Henry froze for a moment, then turned to the bathroom. He could hear Jamie coming closer, taking deliberate yet quick steps to his location. Henry grasped the sleeping pills tightly and fumbled with the lid. It was screwed on tightly, and barely budged.
“Henry?” Jamie said. She was suddenly there, in front of the bathroom doorway, her eyes lined with deep worry. Henry shut the door with a clang and fumbled with the antique lock. Jamie’s fists banged on the other side of the door, and before he could lock it, the wooden frame moved inward.
Jamie was staring at Henry, and then saw the pills in his hand.
“Don’t do that,” she said, her eyes filling with horror.
It was funny, really. Henry watched Jamie with subdued enthusiasm. She thought he was going to kill himself? Ridiculous.
He finally managed to unscrew the cap, and Henry raised the bottle to his mouth. But Jamie was there, screaming and running forward, and she knocked the pill bottle from his hand. Henry cried out and fell to his knees, his eyes searching for the pills in the dark.
“Henry!” she screamed, and she was crying. “Henry!”
He found the pills and stood up. Henry looked at Jamie. She would only stop him again. He grabbed onto her shoulders and pushed her back.
Jamie fell to the floor without a cry. He looked at her for a moment, now drifting in a dream world herself. She looked more peaceful now, as she lay unconscious on the floor.
Henry sat down in a comfortable place, placing a towel over himself, and then dropped six pills into his mouth. He swallowed them dry, then closed his eyes.
He drifted, followed the stream as it propelled him forward. Then he was there. He was in the dining room and the light was on. He smiled and watched. Overhead the light flickered like a luminous lightning bug, and a splatter of vivid yellow circles obstructed his vision. He reached out and pushed the light away, and then the light went out.

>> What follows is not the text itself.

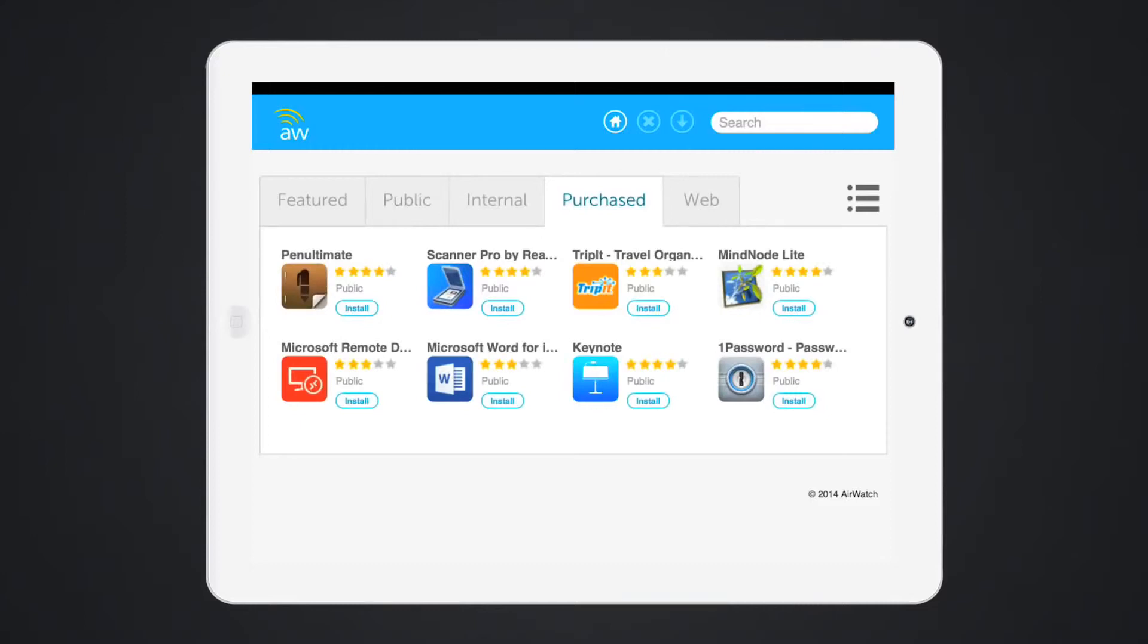Required applications can be pushed during enrollment. The custom-branded app catalog also supports multiple languages, ensuring an optimal experience for end users.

He walked toward the kitchen. He felt a flash of black, but he continued forward. In the doorway to the kitchen, Henry saw shadows. They danced against the wall, their arms and legs grotesquely disfigured, but they smiled and were happy. They danced wildly and without apprehension, the figures in a puppet show, pulled by invisible strings that went on infinitely until they stopped. He wanted to touch the shadows.
The lilting sound of jazz wafted to his ears, and he walked into the kitchen, and he danced with the shadows.